- _Activity_: With the pictures left out, write out the records verbatim.

Extracted material Block Start

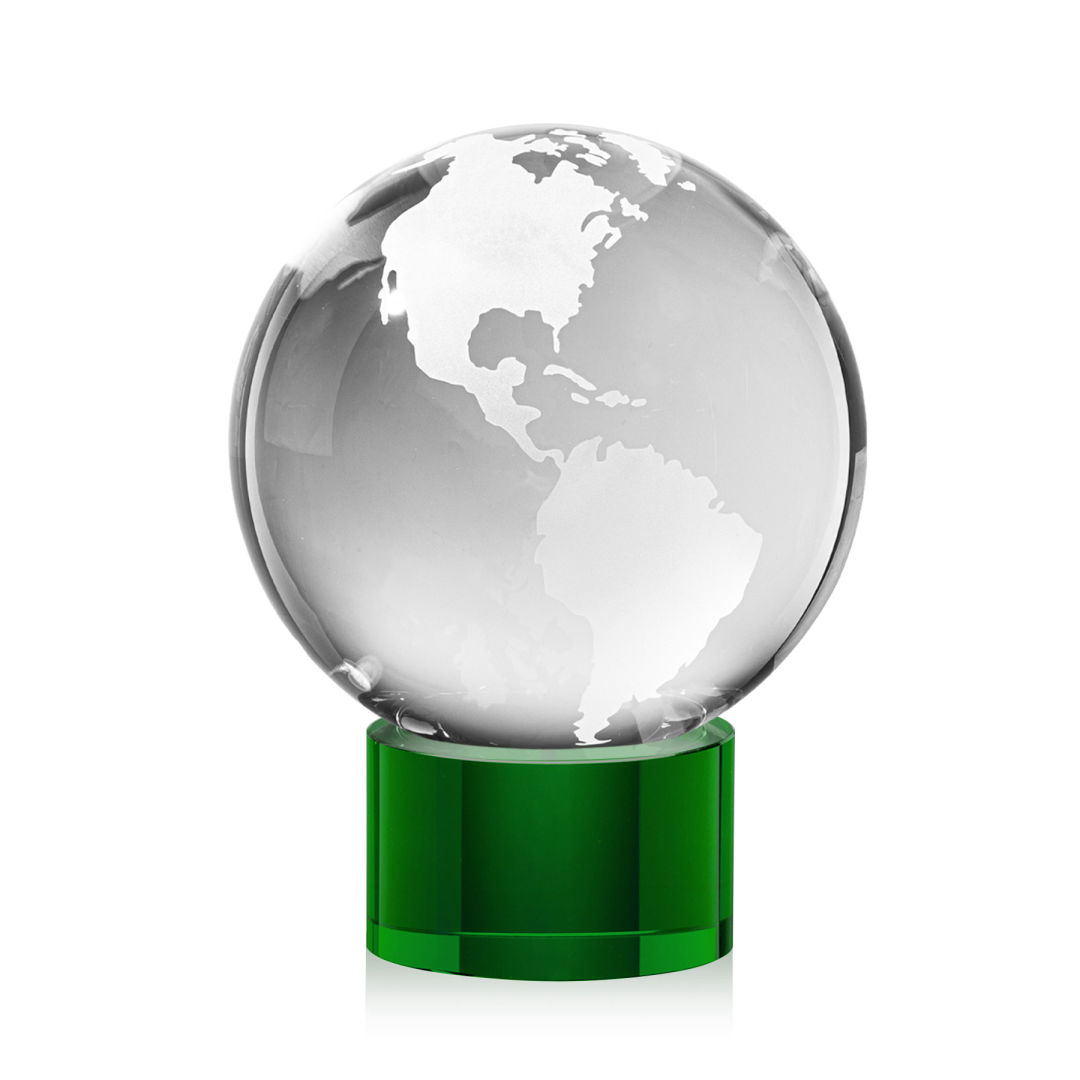 Globe Award on Marvel Base - Green 2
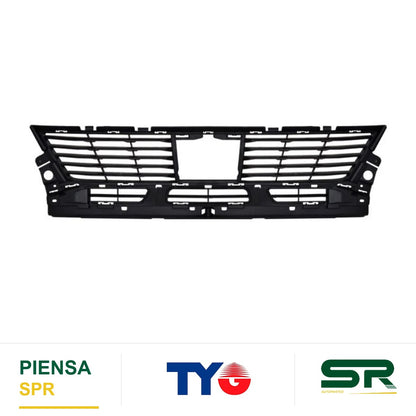 PARRILLA CENTRAL DE FASCIA SIN HOYO PARA SENSOR PEUGEOT 3008 2018-2021 TYG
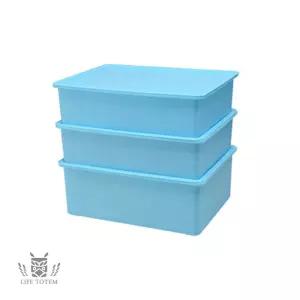 라이프토템 속옷정리함 3종세트 블루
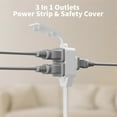 thumbnail image 3 of Extension Cord, 9 Feet 3 Outlets Power Cord with On/Off Switch for Indoor Use, Safety Outlet Cover, ETL Listed - 2 Pack, 3 of 7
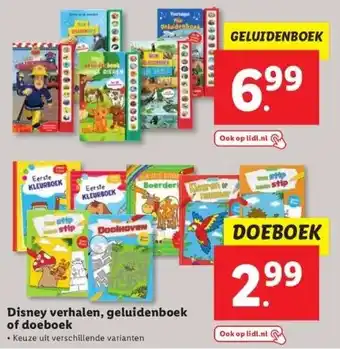 Lidl Disney verhalen, geluidenboek aanbieding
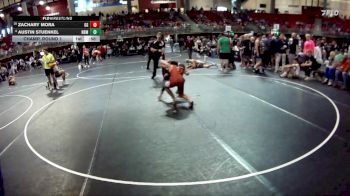132 lbs Champ. Round 1 - Zachary Mora, GI Grapplers vs Austin Stuenkel, North Bend Matcats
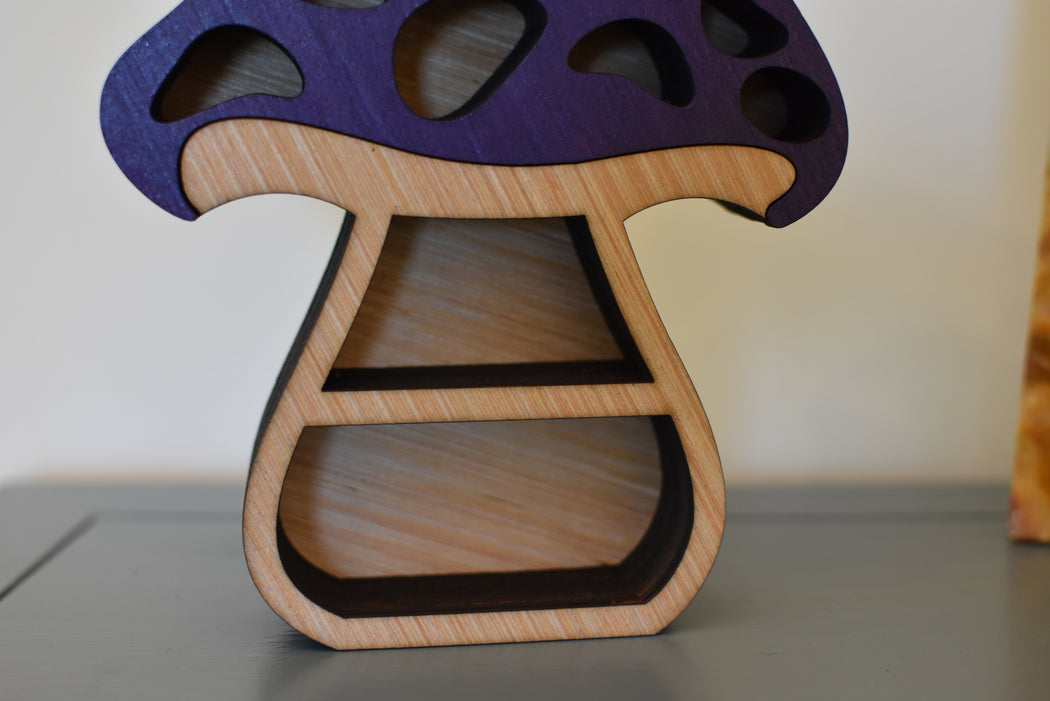 Purple Mushling v.3 Mushroom Shelf *Made To Order*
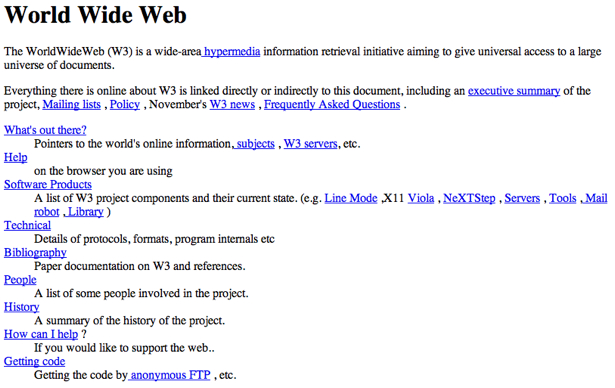Who's going to save the World Wide Web? firstwebpage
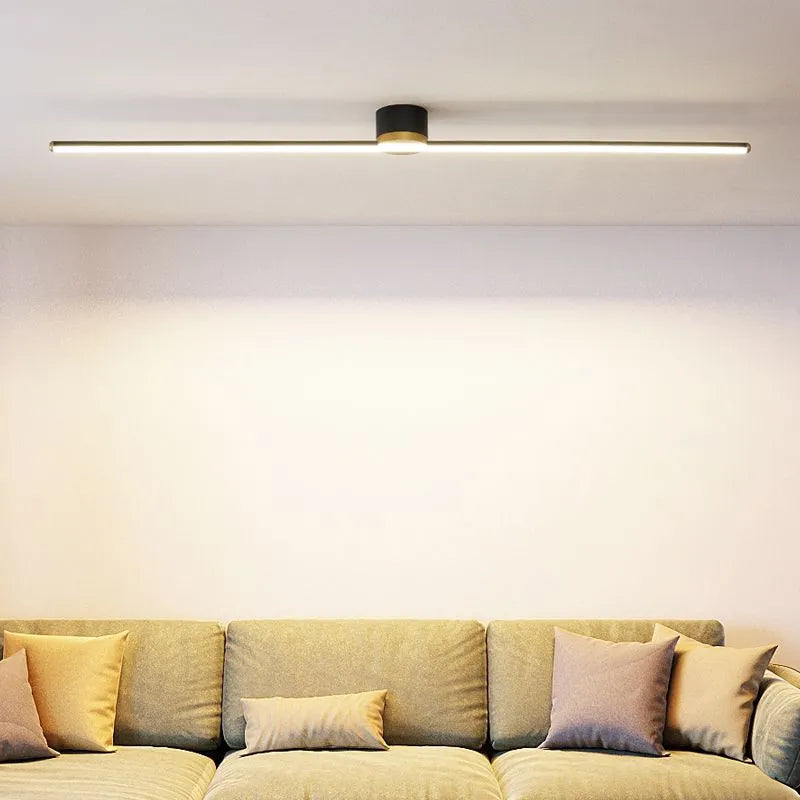 Modern LED Linear Flush Mount Ceiling Light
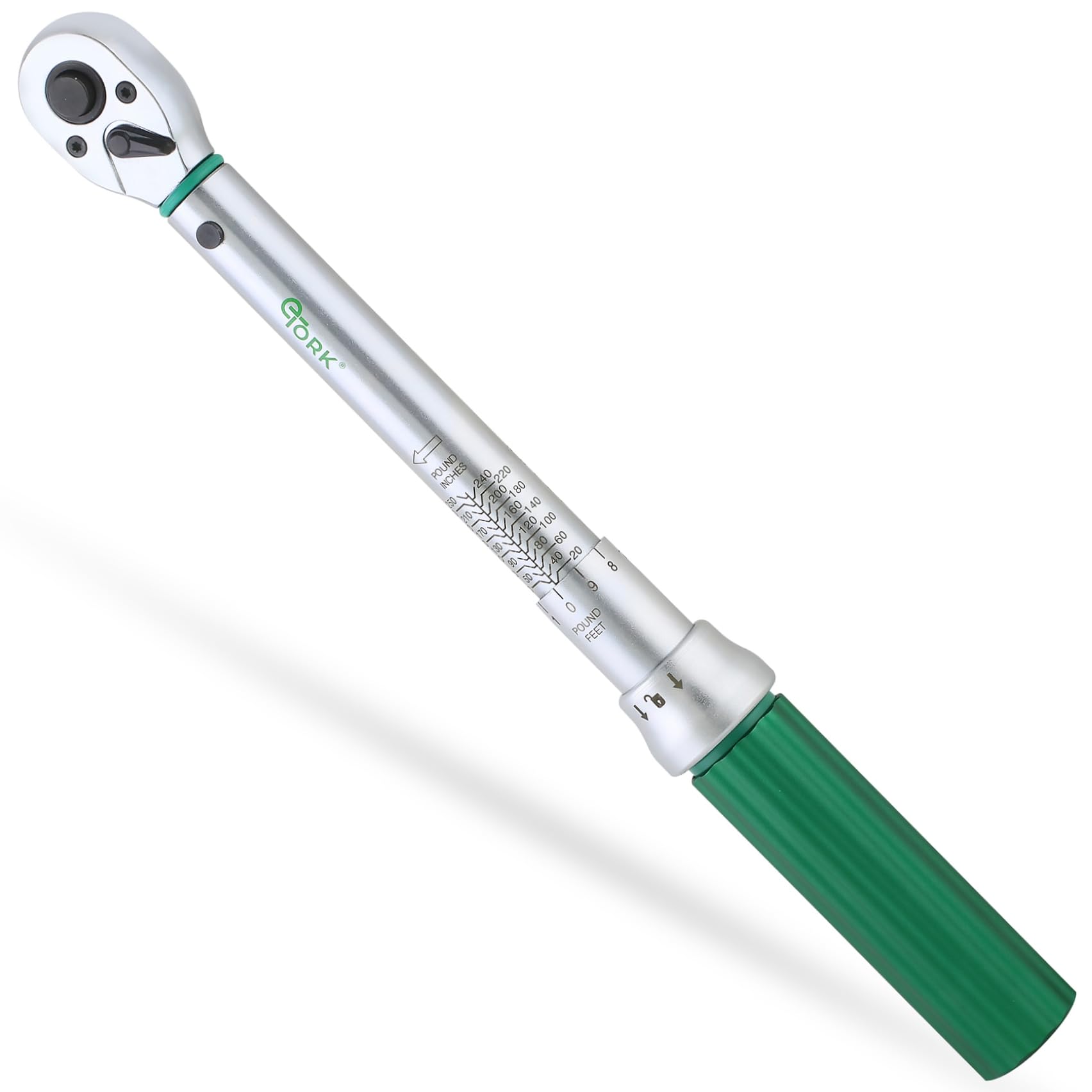 eTORK 3/8” Torque Wrench with Magnetic Lock System - Inch Pound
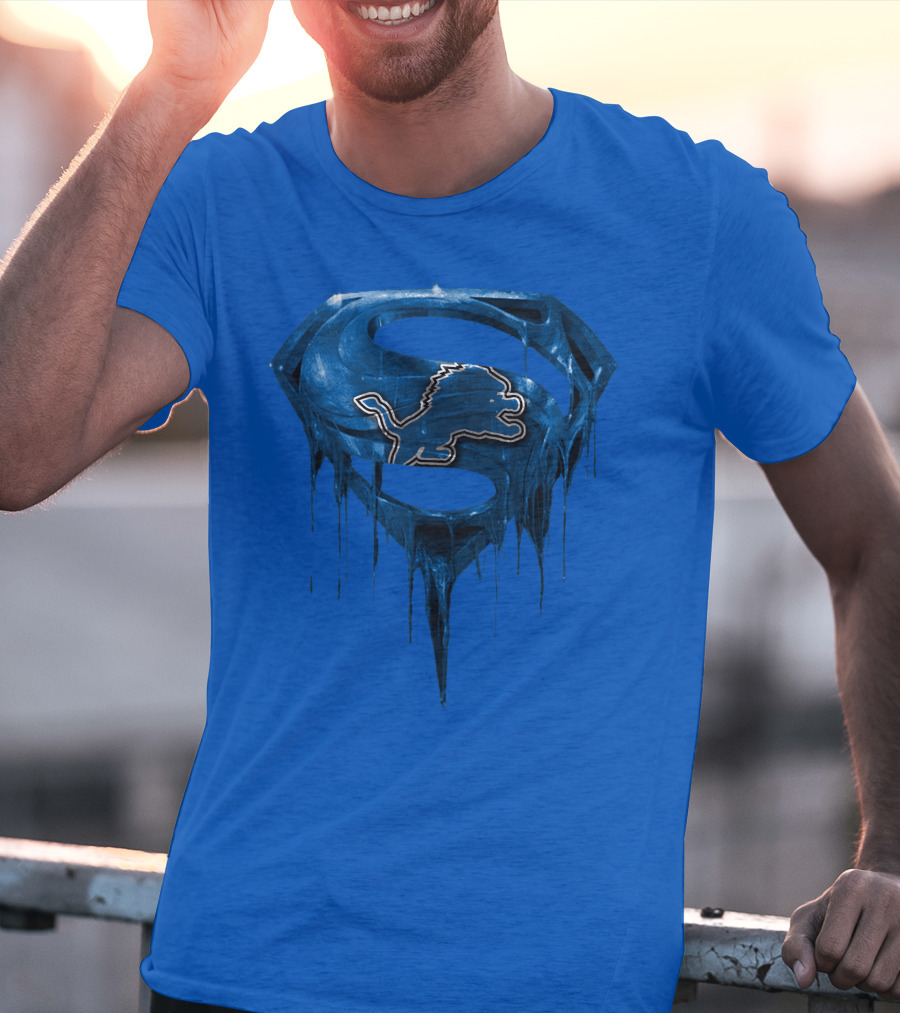 Detroit Lions Superman Symbol Spm T-Shirt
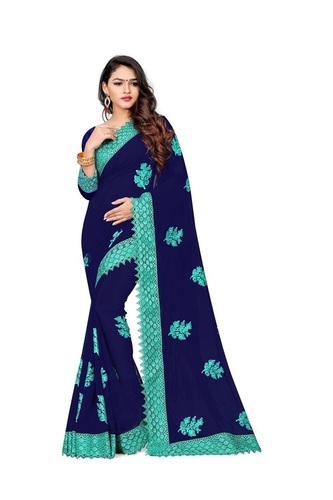 4 Fancy Border Sarees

Extracted material Block End

- _Reply_:
 Globe Award on Marvel Base - Green 2
 PARRILLA CENTRAL DE FASCIA SIN HOYO PARA SENSOR PEUGEOT 3008 2018-2021 TYG
 라이프토템 속옷정리함 3종세트 블루
 thumbnail image 3 of Extension Cord, 9 Feet 3 Outlets Power Cord with On/Off Switch for Indoor Use, Safety Outlet Cover, ETL Listed - 2 Pack, 3 of 7
 Lidl Disney verhalen, geluidenboek aanbieding
132 lbs Champ. Round 1 - Zachary Mora, GI Grapplers vs Austin Stuenkel, North Bend Matcats
 Purple Mushling v.3 Mushroom Shelf *Made To Order*
Who's going to save the World Wide Web? firstwebpage
 Modern LED Linear Flush Mount Ceiling Light
 eTORK 3/8” Torque Wrench with Magnetic Lock System - Inch Pound
 Detroit Lions Superman Symbol Spm T-Shirt
 4 Fancy Border Sarees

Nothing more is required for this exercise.